__Exercise details__
In the entries below, repeat only the lines between those holding "This next section" and "For more information", inclusive. Leave pictures out.

__Data section__
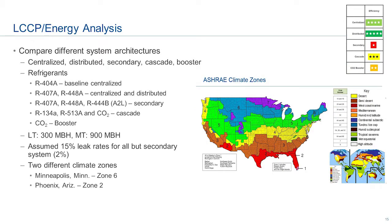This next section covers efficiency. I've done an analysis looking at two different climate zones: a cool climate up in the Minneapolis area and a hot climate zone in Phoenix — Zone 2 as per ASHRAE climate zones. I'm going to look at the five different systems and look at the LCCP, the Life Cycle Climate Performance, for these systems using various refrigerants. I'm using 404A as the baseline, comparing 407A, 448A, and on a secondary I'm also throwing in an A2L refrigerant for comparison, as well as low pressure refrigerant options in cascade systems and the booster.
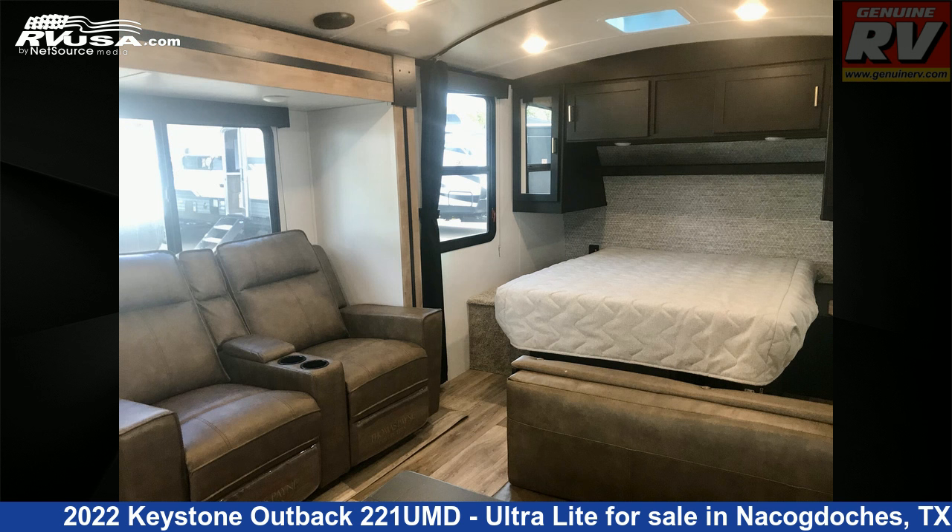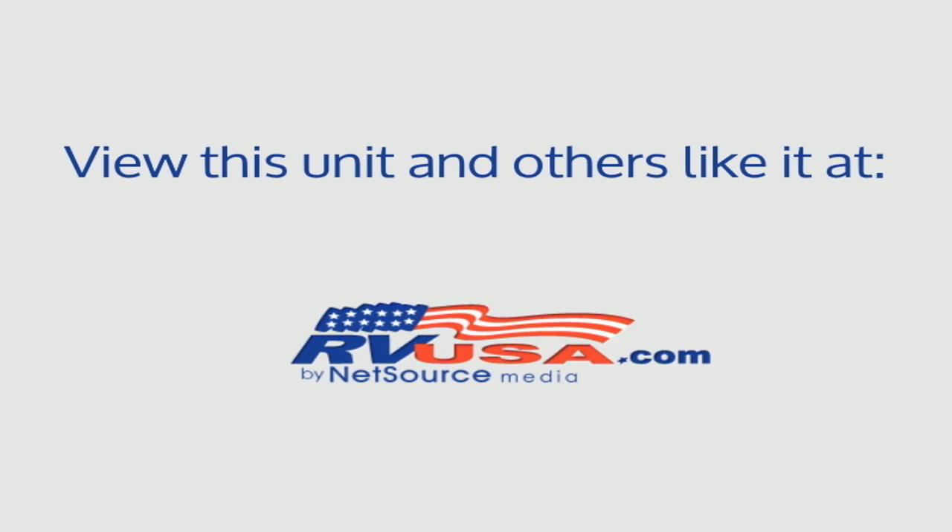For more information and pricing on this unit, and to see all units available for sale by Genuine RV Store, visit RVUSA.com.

---

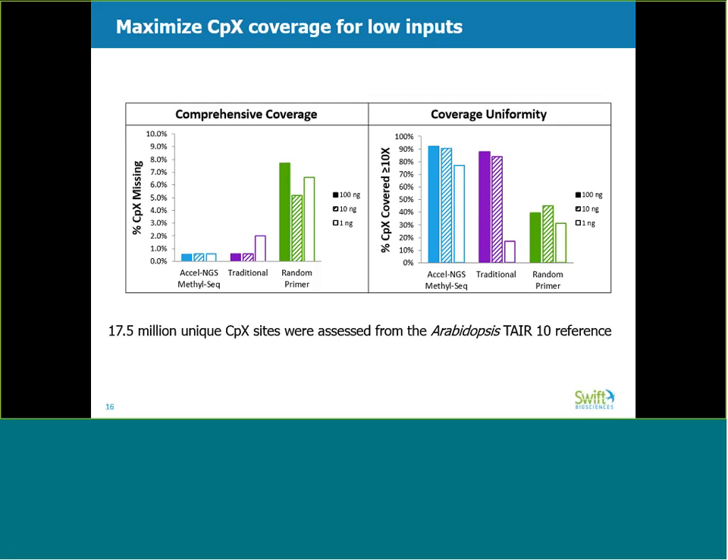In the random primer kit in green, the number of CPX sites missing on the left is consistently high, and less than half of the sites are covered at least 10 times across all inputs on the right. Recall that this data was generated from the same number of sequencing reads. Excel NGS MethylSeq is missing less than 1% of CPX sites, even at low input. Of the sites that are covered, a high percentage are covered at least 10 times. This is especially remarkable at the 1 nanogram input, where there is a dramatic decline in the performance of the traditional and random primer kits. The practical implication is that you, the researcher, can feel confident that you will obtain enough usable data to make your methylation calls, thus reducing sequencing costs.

__Finished exercise__
This next section covers efficiency. I've done an analysis looking at two different climate zones: a cool climate up in the Minneapolis area and a hot climate zone in Phoenix — Zone 2 as per ASHRAE climate zones. I'm going to look at the five different systems and look at the LCCP, the Life Cycle Climate Performance, for these systems using various refrigerants. I'm using 404A as the baseline, comparing 407A, 448A, and on a secondary I'm also throwing in an A2L refrigerant for comparison, as well as low pressure refrigerant options in cascade systems and the booster.
For more information and pricing on this unit, and to see all units available for sale by Genuine RV Store, visit RVUSA.com.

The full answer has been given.